Wir erleben überall absolute Hilflosigkeit. Und Justizsenatorin von der Aue mit ihrer Haltung gegen geschlossene Heime verhält sich total widersprüchlich. Wie viel Betreuung soll es denn noch geben? Ich habe so viele Jahre Erfahrung mit diesen jungen Burschen. Sie verdienen viel Geld, die haben gar kein Interesse an Betreuung. Geschlossene Heime wären eine Möglichkeit, vielleicht nicht die beste, aber eine andere fällt mir nicht ein. Ich wundere mich, dass der Innensenator jetzt für geschlossene Heime ist. Wie oft haben wir das schon vorgeschlagen, und der Innensenator war immer dagegen.

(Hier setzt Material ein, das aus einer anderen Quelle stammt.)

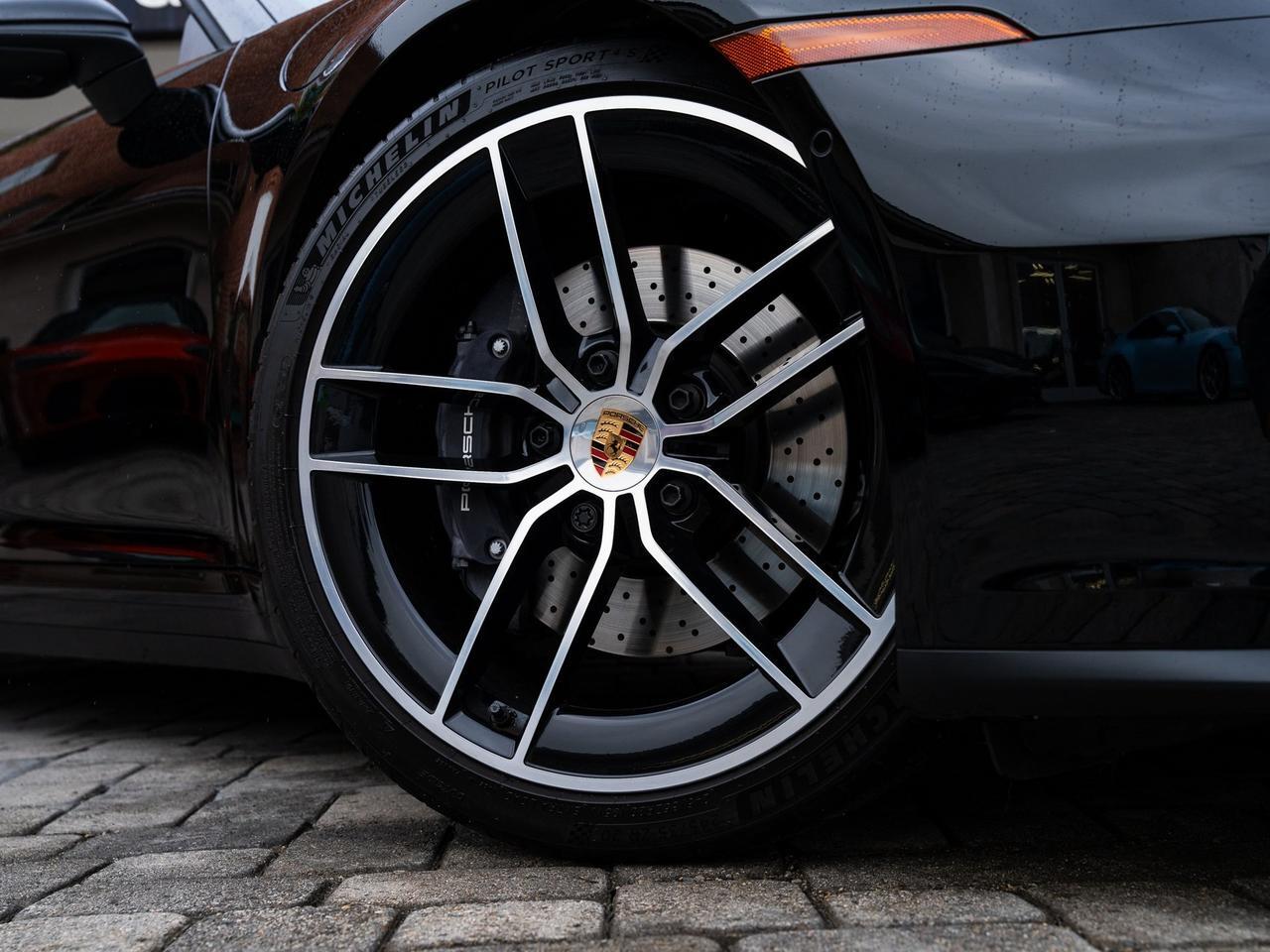 2025 Porsche 911 Carrera Carrera Lawrence KS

Dass wir manchmal nur der Fahrdienst für die Kinder sind, ist zwar auch nicht schön, aber unser Frust betrifft mehr die allgemeine Lage. Wenn ich den Jungen zu seinem Heim fahre und ich wüsste, der würde da bleiben – dann wäre ich nicht frustriert. Aber der bleibt da ja nicht. Es sind sogar schon Fälle passiert, in denen die Heime gesagt haben, wir wollen den nicht zurückhaben, der macht nur Probleme. Auch Kinderheime lehnen solche Kinder ab, weil dort normale Kinder leben, die nicht in Gefahr kommen sollen.

Die kriminellen Kinder in den Heimen in Brandenburg unterzubringen, weg von allem, das wurde probiert, auch damals mit den Rumänen, aber die finden immer einen Weg, da rauszukommen. Jeder hat zwei Handys dabei, darüber könnte man sie orten, aber das ordnet natürlich keiner an. So eine Ortung bekommt man vielleicht, wenn es um Verbrechen geht, aber doch nicht bei Kindern. Die Rumänen wurden irgendwann zurückgeschickt nach Rumänien, aber bei den Libanesen und Staatenlosen geht ja auch das nicht.

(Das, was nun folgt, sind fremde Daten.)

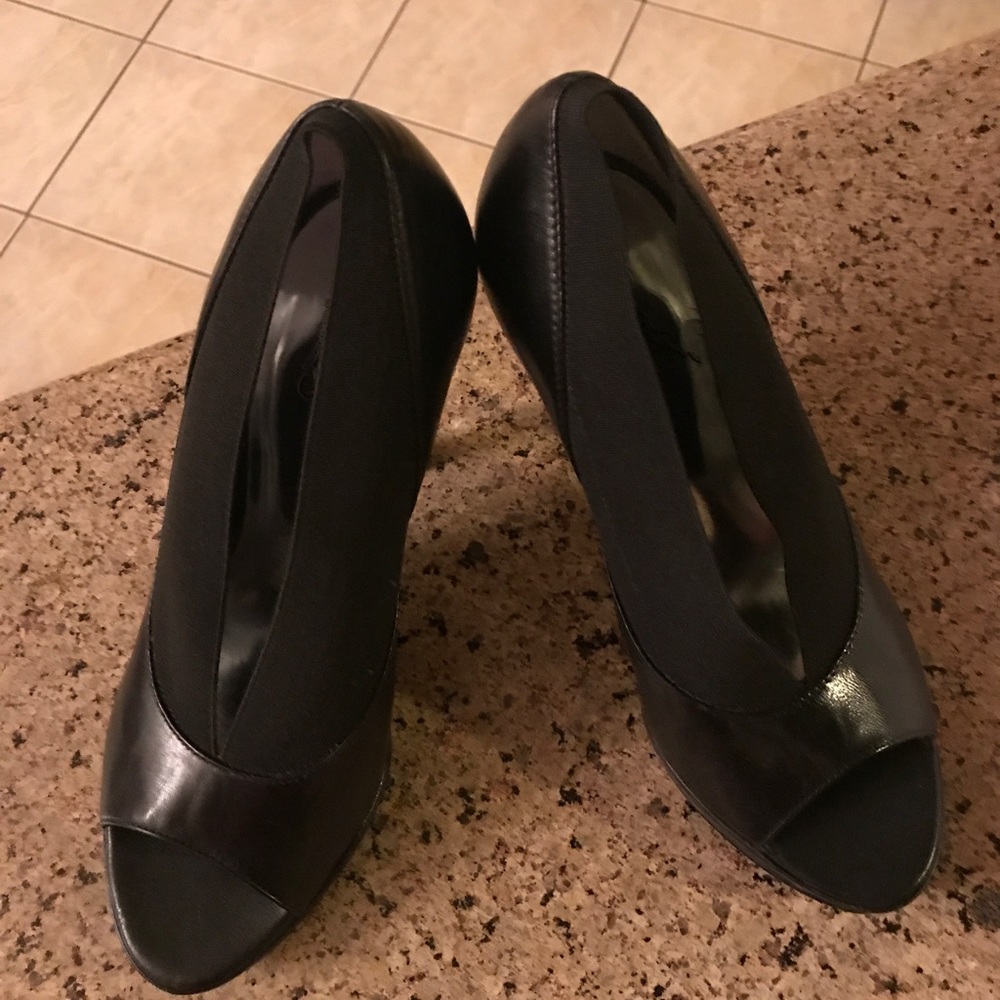 Carlos Santana shoes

Die arabischen Großfamilien im Hintergrund sind natürlich auch problematisch. Die sind teilweise schon in dritter Generation hier und haben dazugelernt. Sie wissen genau, was die Polizei kann und darf. Früher fielen sie vor allem durch Einbrüche auf, bis sie merkten, dass andere Geschäftsfelder viel unauffälliger und lukrativer sind, Drogenhandel zum Beispiel. Die jüngere Generation wird von der älteren angelernt; von jungen Jahren an bekommen die Kinder mit, wie die älteren Brüder agieren. Sie begehen dann Delikte, die die älteren schon nicht mehr machen, weil sie es schon zu etwas Wohlstand gebracht haben.

Die Zahl der stark kriminellen Großfamilien in Berlin schätze ich auf sechs bis acht. Ihre Mitgliederzahl steigt ständig, da sie viele Kinder bekommen und Familiennachzug stattfindet. Die fahren alle mit Riesen-Daimler und BMW durch die Gegend, und von denen hat nicht einer jemals richtig gearbeitet. Sie zu orten, ist kaum möglich, denn ihre Handys werden wöchentlich gewechselt.